Your task: The required answer is an exact copy of the lines from the one containing "Boss Witch Sign" to the end of the listing, both included, without any pictures.

Supplied entries:
BEGIN
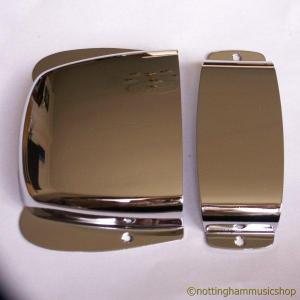 CHROME JAZZ BASS BRIDGE AND PICKUP COVER PLATES SET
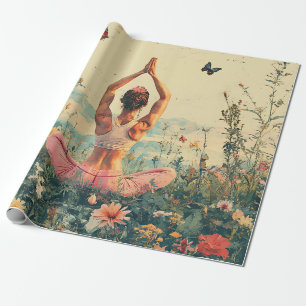 Papier Cadeau Méditation sereine au lever du soleil (3)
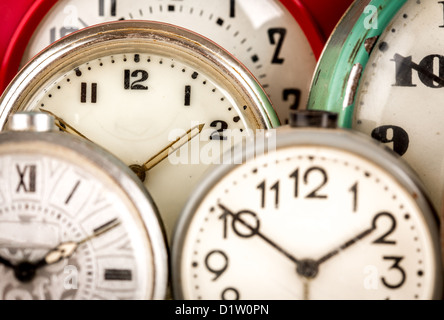 Close-up of horloge ancienne background Banque D'Images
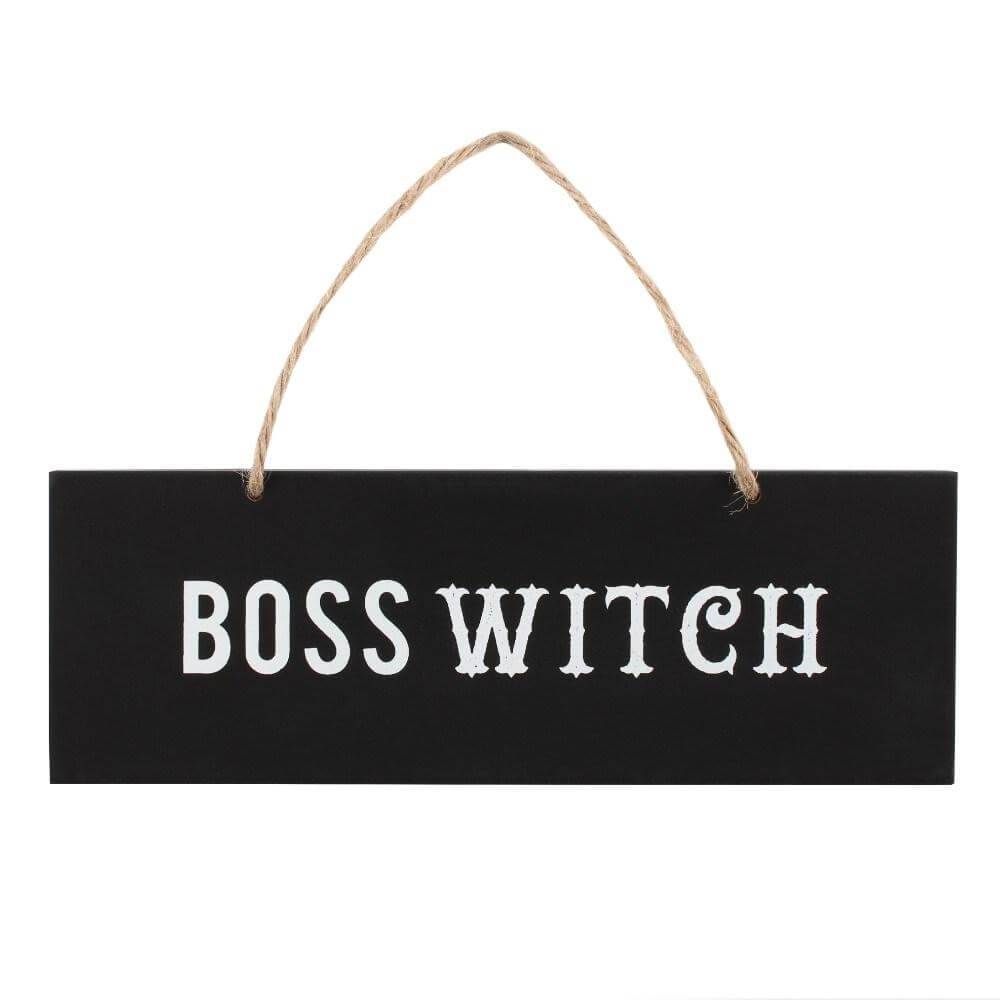 Boss Witch Sign - Olleke Wizarding Shop Amsterdam Brugge London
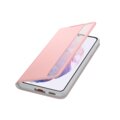 Samsung flipové pouzdro Clear View pro Galaxy S21, růžová_936332339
END
The answer:
 Boss Witch Sign - Olleke Wizarding Shop Amsterdam Brugge London
 Samsung flipové pouzdro Clear View pro Galaxy S21, růžová_936332339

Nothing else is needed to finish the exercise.